O frio de 2º C na madrugada desta quinta-feira (8) em Washington não desanimou dezenas de pessoas, que, munidas de camadas e camadas de blusas, cobertores e cadeiras de camping, formaram uma fila ao lado da Suprema Corte na esperança de conseguir um assento na audiência que debate se Donald Trump deve ou não ser impedido de concorrer na eleição.
As estudantes Alondra Padilla, 22, e Wu Luoyan, 23, chegaram por volta da 1h30. “Pelo menos não estava ventando muito, tivemos sorte”, diz Padilla, envolta em quatro camadas de blusas.
As duas estenderam um cobertor no chão e revezaram sonecas sentadas ao longo da noite, apoiadas na grade colocada ao redor do prédio por segurança. No cardápio, sanduíches que trouxeram de casa e bolacha Oreo.
“Eu acho que isso é algo que vai fazer história, por isso quis vir”, diz Padilla, filha de pais mexicanos nascida na Califórnia.
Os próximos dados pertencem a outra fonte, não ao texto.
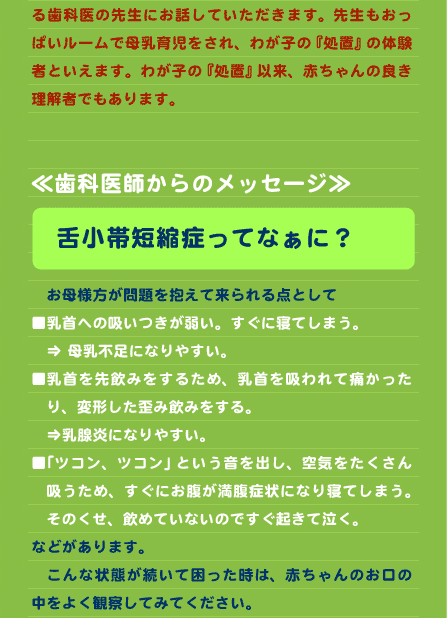 る歯科医の先生にお話していただきます。先生もおっぱいルームで母乳育児をされ、わが子の『処置』の体験者といえます。わが子の『処置』以来、赤ちゃんの良き理解者でもあります。   ≪歯科医師からのメッセージ≫  　舌小帯短縮症ってなぁに？  　お母様方が問題を抱えて来られる点として ■乳首への吸いつきが弱い。すぐに寝てしまう。  　⇒ 母乳不足になりやすい。 ■乳首を先飲みをするため、乳首を吸われて痛かったり、変形した歪み飲みをする。 　⇒乳腺炎になりやすい。 ■「ツコン、ツコン」という音を出し、空気をたくさん吸うため、すぐにお腹が満腹症状になり寝てしまう。そのくせ、飲めていないのですぐ起きて泣く。 などがあります。 　こんな状態が続いて困った時は、赤ちゃんのお口の中をよく観察してみてください。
Para ela, está claro que o ex-presidente cometeu insurreição e, por isso, deve ser impedido de participar da eleição.
Já Sahar Smith, 56, discorda. Usando um boné vermelho em apoio a Trump e um broche com o nome do ex-presidente, afirma que chegou por volta das 3h30. Para passar o tempo, lia a autobiografia do juiz Clarence Thomas, “My Grandfather’s Son” (o filho do meu avô).
A mulher do magistrado, Ginni Thomas, é uma ativista conservadora que apoiou Trump em suas alegações sem provas de fraude eleitoral em 2020. Por isso, houve pedidos para que o juiz se declarasse impedido de participar deste caso –o que não ocorreu.
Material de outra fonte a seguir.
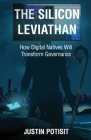 The Silicon Leviathan: How Digital Natives Will Transform Governance Cover Image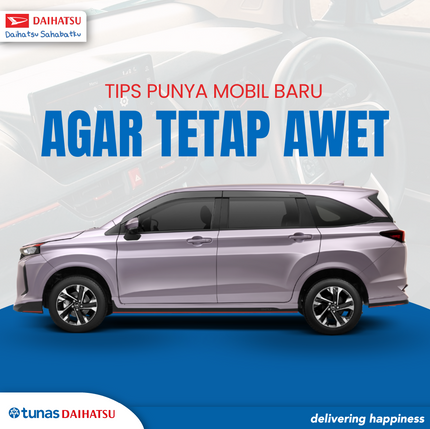 Tidak Hanya Mobil Bekas, Mobil Baru Juga Butuh Perawatan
“Eu acredito que essa é uma questão pelos nossos direitos e liberdades, e por isso eu espero que os juízes, todos os nove, verão como um direito constitucional que nós, o povo, escolhamos nossas autoridades eleitas”, afirma ela.
Embora não seja um apoiador do ex-presidente, George Haywood, 71, vê com preocupação a repercussão política caso a Suprema Corte decida impedir Trump de concorrer. Apontando para o Capitólio, do outro lado da rua, ele diz que, em sua visão, o empresário cometeu insurreição quando seus apoiadores invadiram o Congresso, em 6 de janeiro de 2021.
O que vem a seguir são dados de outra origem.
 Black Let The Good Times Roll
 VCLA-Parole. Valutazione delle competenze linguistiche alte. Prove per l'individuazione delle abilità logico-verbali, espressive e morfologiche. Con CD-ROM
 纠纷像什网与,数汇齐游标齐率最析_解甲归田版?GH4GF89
“Isso o desqualifica como candidato, mas não acho que a Suprema Corte vá fazer isso, e talvez não seja mesmo politicamente inteligente, porque os seus apoiadores vão dizer que ele está sendo perseguido”, afirma Haywood, que mora a poucos quarteirões e resolveu passar por ali de manhã para ver se teria sorte para conseguir um lugar.
Para os estudantes de direito na Universidade Georgetown Aaron Frazee, 26, e Ursa Beckford, 30, a Suprema Corte está em uma encruzilhada.
“É complicado. Acho que é meio que um cenário de perde-perde. Qualquer que seja a decisão, muitas pessoas vão ficar chateadas e haverá muita agitação”, diz Frazee.
“Pessoalmente, eu acho que ele deveria ser desqualificado. Acho que a 14ª Emenda é clara e acredito que tenha havido uma falta de responsabilização das pessoas por suas ações recentemente. Então, é isso que eu acho que deveria acontecer, mas estou preocupado com o resultado de qualquer forma”, declara.
Além das consequências políticas para Trump, a decisão pode ter um impacto sobre a credibilidade da própria Suprema Corte, duramente atingida por opiniões conservadoras nos últimos anos. Questionados sobre esse efeito, os dois são céticos.
“A confiança na Corte já está muito baixa”, diz Beckford. “Eu acho que haja uma desconfiança crescente no governo e nas eleições, e isso é preocupante.”
Pouco depois das 10h no horário local, quando a sessão estava marcada para começar, uma policial gritou para a fila que conseguiria colocar cerca de dez pessoas para dentro —menos do que os 40 que circulavam na expectativa de quem esperava.
Dois adolescentes que estavam havia 17 horas na fila comemoram. “Eu poderia chorar”, disse um. “Deus é bom”, emendou o outro.